• Work required:
Copy every record verbatim but exclude the pictures.

#### Records to process ####

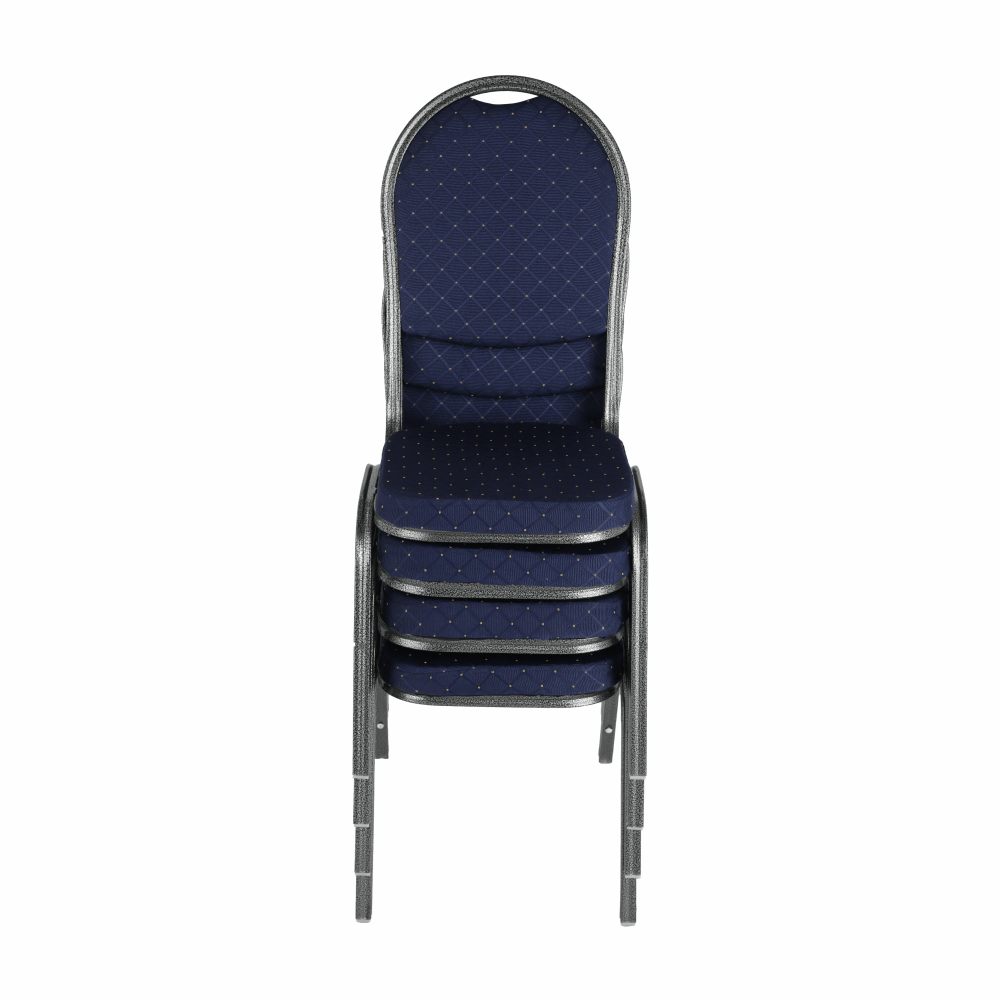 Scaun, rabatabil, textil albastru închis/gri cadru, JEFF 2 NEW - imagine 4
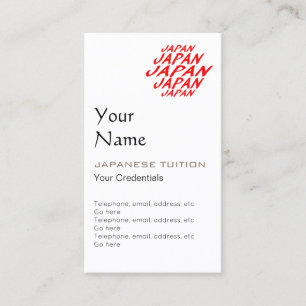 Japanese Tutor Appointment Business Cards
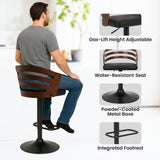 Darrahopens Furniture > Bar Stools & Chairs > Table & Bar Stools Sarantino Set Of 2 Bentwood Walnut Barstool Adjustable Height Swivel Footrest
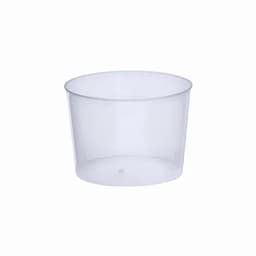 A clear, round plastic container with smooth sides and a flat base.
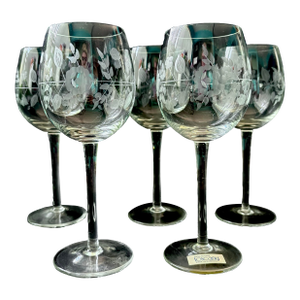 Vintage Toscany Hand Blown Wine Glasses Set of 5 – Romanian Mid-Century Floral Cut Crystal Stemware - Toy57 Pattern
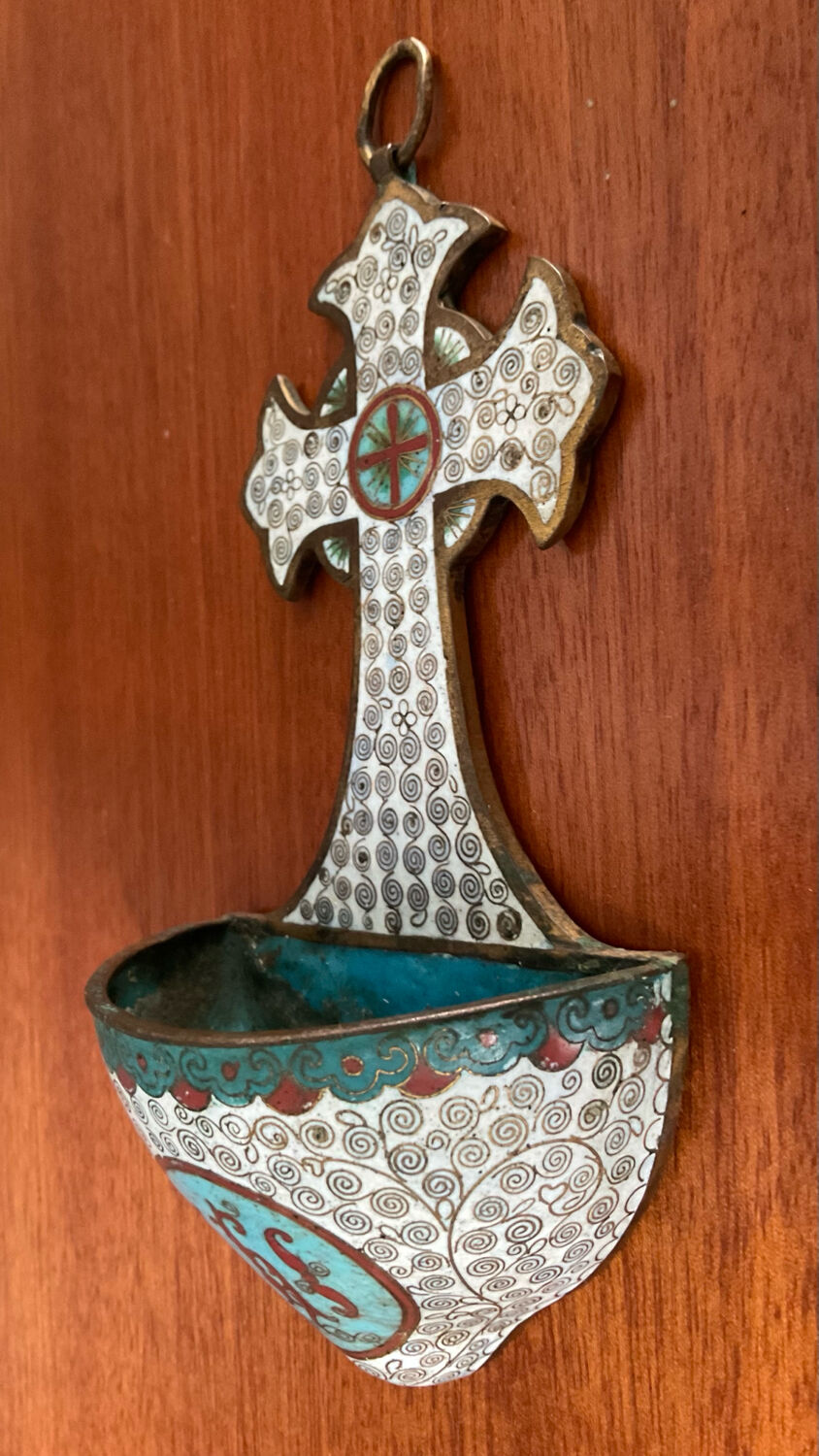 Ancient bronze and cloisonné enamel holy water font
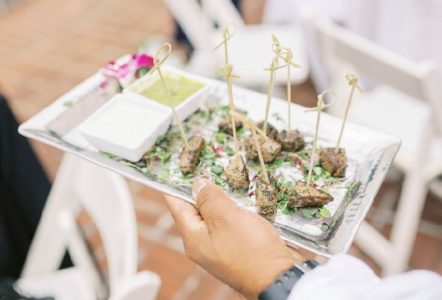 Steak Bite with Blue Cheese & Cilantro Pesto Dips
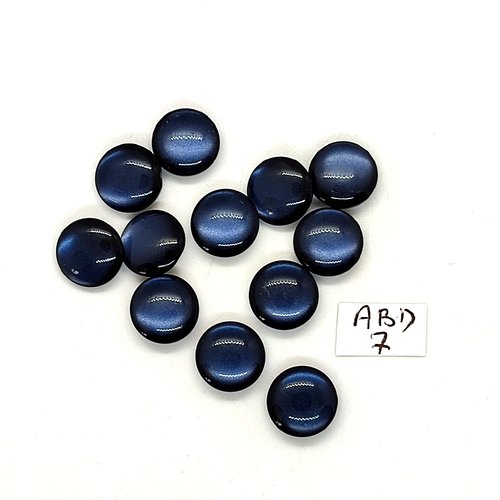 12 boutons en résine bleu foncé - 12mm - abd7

####

• Response for this exercise:
 Scaun, rabatabil, textil albastru închis/gri cadru, JEFF 2 NEW - imagine 4
 Japanese Tutor Appointment Business Cards
 Darrahopens Furniture > Bar Stools & Chairs > Table & Bar Stools Sarantino Set Of 2 Bentwood Walnut Barstool Adjustable Height Swivel Footrest
 A clear, round plastic container with smooth sides and a flat base.
 Vintage Toscany Hand Blown Wine Glasses Set of 5 – Romanian Mid-Century Floral Cut Crystal Stemware - Toy57 Pattern
 Ancient bronze and cloisonné enamel holy water font
 Steak Bite with Blue Cheese & Cilantro Pesto Dips
 12 boutons en résine bleu foncé - 12mm - abd7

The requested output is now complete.